Конечно, клирики веками обличали мирян, которые болтают и зубоскалят во время мессы, заводят в церкви шашни, пьют, играют в кости или торгуют. Однако эти запреты, видимо, оставались не слишком эффективны. В Средние века храмы — от скромной приходской церкви до огромного собора, возвышающегося над городом, — были не только местами молитвы, но и главным, а порой единственным общественным пространством. Там можно было укрыться в случае опасности. У алтарей, реликвий и почитаемых образов — в ожидании чуда и исцеления — спали паломники. В соборе проводили цеховые собрания ремесленников и собиралась городская коммуна.
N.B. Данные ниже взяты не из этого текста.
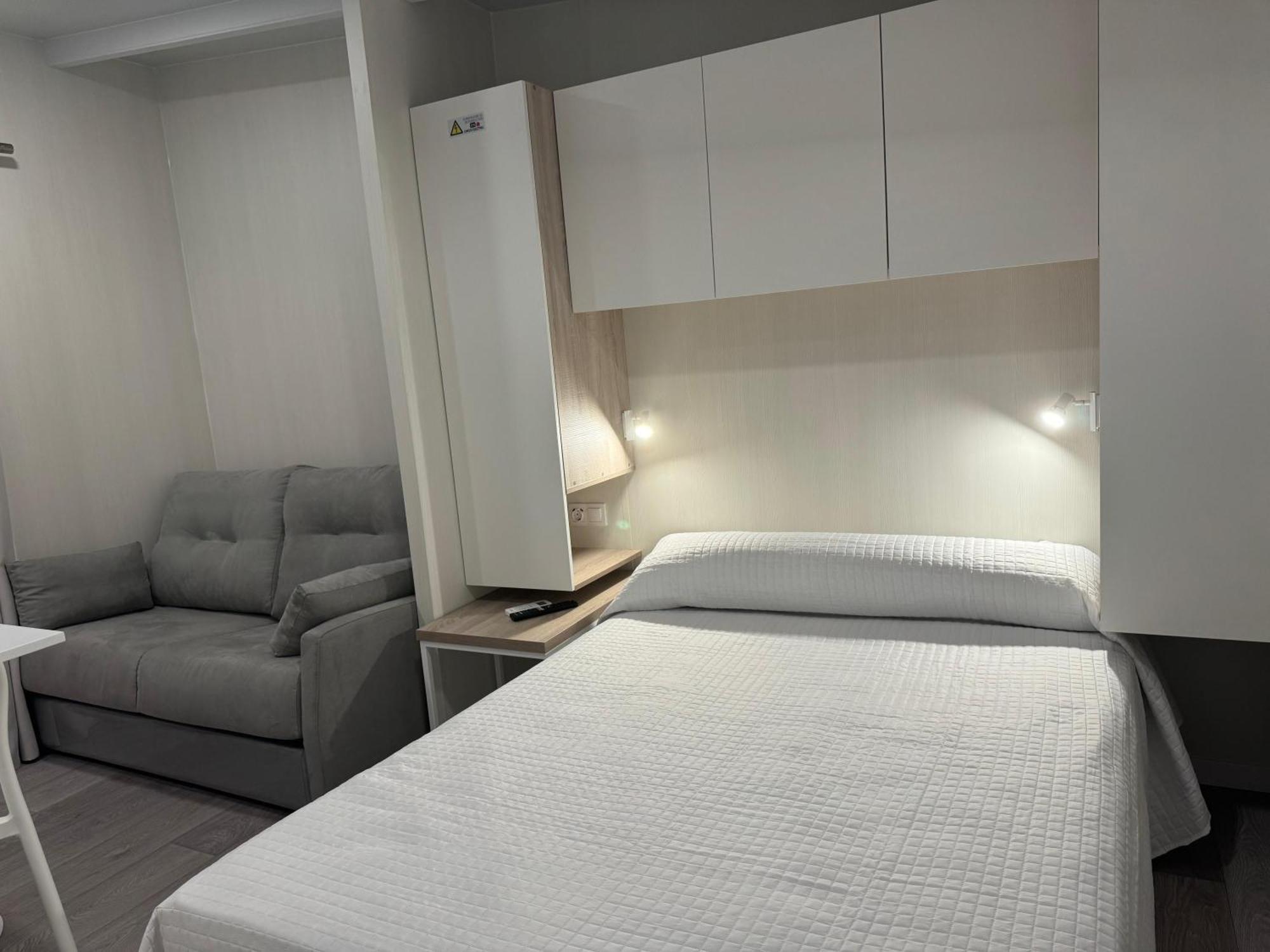 Complejo Hostelero La Fuente Fortuna Exteriör bild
Сами клирики нередко ставили в церковном дворе — клуатре — лотки, с которых продавали вино, а это привлекало в храм пьяниц и любителей азартных игр[343]. В эпоху Контрреформации попытки регламентировать поведение паствы стали более настойчивы, чем в прошлом. Священники вновь и вновь повторяли, что верующим запрещено облокачиваться на алтари, есть, пить или танцевать в церкви — в священном пространстве нет места для мирского и суетного[344].
Одни католические миссионеры описывали невежественных крестьян, которые наказывают святых, как полуязычников. Другие рассказывали европейцам о том, что так же обходятся со своими идолами настоящие язычники, живущие в экзотических землях. В 1580-х гг. миссионер Алессандро Валиньяно (1539–1606), опираясь на известия, принесенные из Китая его товарищем по ордену иезуитов Маттео Риччи (1552–1610), утверждал, что мандарины выказывают не слишком много почтения к своим идолам. Простой же народ молится им у себя дома и в храмах, но тем не менее оскорбляет их и даже бьет, когда те не отвечают на просьбы (рис. 101)[345].
Рис. 101. Китайские идолы глазами европейцев. Гравюра Бернара Пикара из девятитомника «Религиозные церемонии и обряды народов мира», выпущенного Жаном Фредериком Бернаром в Амстердаме, 1728 г.
Amsterdam. Rijksmuseum. № RP-P-1911–3280
Столь же практичный подход приписывали и американским индейцам. Французский юрист Пьер де Ланкр (1553–1631), которого отправили искоренять колдовство в Лабурдан (на юго-западе современной Франции), в 1612 г. опубликовал трактат «Примеры непостоянства злых духов и демонов». Он открывается главой, посвященной хитростям бесов и тем личинам, за которыми они скрываются, чтобы губить людей. «Мир — театр, в котором дьявол играет бессчетное число разных и непохожих ролей»: языческих богов, духов, зверей и гадов. Демоны изменчивы и постоянно преображаются. Индейцы почитают как небесных богов, так и бесов. Изображения злых духов они делают из разноцветных перьев — разнообразие цветов, по словам де Ланкра, подчеркивает их «непостоянство и изменчивость». Cо ссылкой на испанского миссионера, историка и географа Хосе де Акосту (1539–1600) де Ланкр писал, что японцы в некоторых храмах, посвященных их «ложным богам, то есть дьяволам», устанавливают большие и малые колеса с изображениями человеческих лиц и голов. «Так дьявол пожелал, чтобы ему поклонялись в образе колеса, который лучше всего олицетворяет непостоянство». Аналогично индейцы Америки в своем поклонении демонам очень непостоянны. Они восхваляют и почитают своих истуканов, но, если те не слышат молитв, начинают их бить, а потом падают на колени, прося прощения[346]. Этот цикл — от неуслышанной просьбы к избиению, а от избиения к примирению — вполне типичен и для многих описаний наказания/шантажа святых со стороны католиков.